Vor allem die FDP hatte seinerzeit Bedenken geäußert. Letztlich stimmten Wernes Volksvertreter dem Vorschlag der Verwaltung allerdings zu. Nun geht die Debatte in die zweite Runde. Denn mittlerweile hat die Verwaltung einen „Festsetzungskatalog Klimaschutz und Klimaanpassung“ erarbeitet, der für alle zukünftigen Bebauungsplanverfahren gelten soll.

Den präsentierte sie am Dienstag (30. Januar) im Ausschuss für Stadtentwicklung, Planung und Wirtschaftsförderung.

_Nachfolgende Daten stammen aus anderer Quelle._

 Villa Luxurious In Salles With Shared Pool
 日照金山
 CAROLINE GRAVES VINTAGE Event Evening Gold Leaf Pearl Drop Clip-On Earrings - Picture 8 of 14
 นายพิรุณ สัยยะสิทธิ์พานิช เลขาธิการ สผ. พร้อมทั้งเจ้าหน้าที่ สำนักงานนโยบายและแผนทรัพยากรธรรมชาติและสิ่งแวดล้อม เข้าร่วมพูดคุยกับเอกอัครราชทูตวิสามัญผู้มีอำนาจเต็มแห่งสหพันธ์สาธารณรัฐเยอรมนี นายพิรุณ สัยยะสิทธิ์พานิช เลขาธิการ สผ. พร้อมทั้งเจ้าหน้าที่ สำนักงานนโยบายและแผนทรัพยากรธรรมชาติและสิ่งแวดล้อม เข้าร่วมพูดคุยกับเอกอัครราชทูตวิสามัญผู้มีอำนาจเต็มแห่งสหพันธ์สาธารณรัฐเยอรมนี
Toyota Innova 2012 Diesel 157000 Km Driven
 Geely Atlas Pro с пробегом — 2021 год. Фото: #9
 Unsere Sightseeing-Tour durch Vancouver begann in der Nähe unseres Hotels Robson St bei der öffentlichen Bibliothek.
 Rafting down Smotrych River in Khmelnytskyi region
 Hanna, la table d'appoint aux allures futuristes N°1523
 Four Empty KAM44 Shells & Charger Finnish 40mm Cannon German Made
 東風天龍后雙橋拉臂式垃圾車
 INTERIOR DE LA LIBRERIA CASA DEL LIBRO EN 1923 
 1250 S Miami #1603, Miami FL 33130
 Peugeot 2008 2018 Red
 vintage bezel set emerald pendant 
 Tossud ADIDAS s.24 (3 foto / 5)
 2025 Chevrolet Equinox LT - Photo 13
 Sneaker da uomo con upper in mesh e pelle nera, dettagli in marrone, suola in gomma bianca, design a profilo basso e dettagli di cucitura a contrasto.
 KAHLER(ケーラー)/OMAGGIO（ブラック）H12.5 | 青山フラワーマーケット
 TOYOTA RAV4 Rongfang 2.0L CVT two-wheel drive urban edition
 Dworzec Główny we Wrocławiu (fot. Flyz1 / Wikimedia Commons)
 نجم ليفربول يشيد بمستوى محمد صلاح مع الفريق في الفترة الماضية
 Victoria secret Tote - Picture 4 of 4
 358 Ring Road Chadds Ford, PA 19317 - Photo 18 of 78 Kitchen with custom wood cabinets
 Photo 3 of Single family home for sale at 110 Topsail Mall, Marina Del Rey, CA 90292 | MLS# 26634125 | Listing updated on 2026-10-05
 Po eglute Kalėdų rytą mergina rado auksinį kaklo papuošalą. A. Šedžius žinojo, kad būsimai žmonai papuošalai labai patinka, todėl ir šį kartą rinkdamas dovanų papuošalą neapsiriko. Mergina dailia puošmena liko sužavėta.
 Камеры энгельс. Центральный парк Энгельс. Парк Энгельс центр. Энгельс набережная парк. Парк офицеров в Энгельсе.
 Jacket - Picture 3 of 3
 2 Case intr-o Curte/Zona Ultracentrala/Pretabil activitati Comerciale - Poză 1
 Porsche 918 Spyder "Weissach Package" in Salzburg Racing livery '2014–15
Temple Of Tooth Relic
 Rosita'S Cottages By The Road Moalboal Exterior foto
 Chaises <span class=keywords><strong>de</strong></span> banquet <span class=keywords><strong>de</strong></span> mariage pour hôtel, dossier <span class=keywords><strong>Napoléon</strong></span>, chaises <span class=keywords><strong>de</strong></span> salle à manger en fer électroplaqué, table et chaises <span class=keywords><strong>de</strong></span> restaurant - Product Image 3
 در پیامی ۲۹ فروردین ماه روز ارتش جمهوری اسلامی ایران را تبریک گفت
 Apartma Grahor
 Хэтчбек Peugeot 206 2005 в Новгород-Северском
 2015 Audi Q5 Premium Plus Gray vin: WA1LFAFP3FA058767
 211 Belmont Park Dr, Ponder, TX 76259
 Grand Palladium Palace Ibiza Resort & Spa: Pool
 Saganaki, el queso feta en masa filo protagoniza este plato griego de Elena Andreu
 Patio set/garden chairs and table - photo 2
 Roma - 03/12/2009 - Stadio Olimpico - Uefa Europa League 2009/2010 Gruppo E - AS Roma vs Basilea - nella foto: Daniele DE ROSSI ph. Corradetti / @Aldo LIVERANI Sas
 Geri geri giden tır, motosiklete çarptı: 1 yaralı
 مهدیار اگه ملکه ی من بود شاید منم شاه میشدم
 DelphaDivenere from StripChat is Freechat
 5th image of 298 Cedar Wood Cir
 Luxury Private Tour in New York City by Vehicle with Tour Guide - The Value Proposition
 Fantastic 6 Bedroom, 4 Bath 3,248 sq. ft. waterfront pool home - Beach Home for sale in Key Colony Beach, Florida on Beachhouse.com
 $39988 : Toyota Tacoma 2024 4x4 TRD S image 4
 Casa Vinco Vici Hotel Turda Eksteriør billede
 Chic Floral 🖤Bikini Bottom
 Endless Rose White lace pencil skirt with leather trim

Die Maßnahmen hätten präventiven Charakter und gingen über das hinaus, was aktuell gesetzlich gefordert sei, erklärte Klimaschutzmanager Dr. Tobias Gehrke. Man wolle in Sachen Klimaschutz jedoch lieber ein bisschen zu viel als zu wenig machen. Das rief einmal mehr die FDP auf den Plan.

FDP und CDU gegen strikte Vorgaben für Neubaugebiete

„Bauen wird immer teurer, die Bautätigkeit immer geringer - und wir sollen jetzt solche Vorgaben machen? Das geht ja über das hinaus, was im GEG gefordert ist. Das sehe ich überhaupt nicht ein“, schimpfte Artur Reichert (FDP): „Wenn wir von den Leuten, die neu bauen, verlangen, dass sie sofort ihr Dach begrünen und eine Solaranlage installieren, dann kostet das je nach Fläche mal eben 25.000 bis 30.000 Euro. Das geht so nicht.“

Sein Parteikollege Benedikt Lange betonte, dass die Bürger einige der im Katalog aufgeführten Maßnahmen ohnehin bereits aus eigenem Antrieb umsetzten und warnte vor einer Überregulierung. In die gleiche Kerbe schlug die CDU. Es werde schon genug durch den Bund geregelt, da müsse die Kommune den Leuten nicht noch weitere Vorschriften machen, erklärte Ferdinand Schulze Froning.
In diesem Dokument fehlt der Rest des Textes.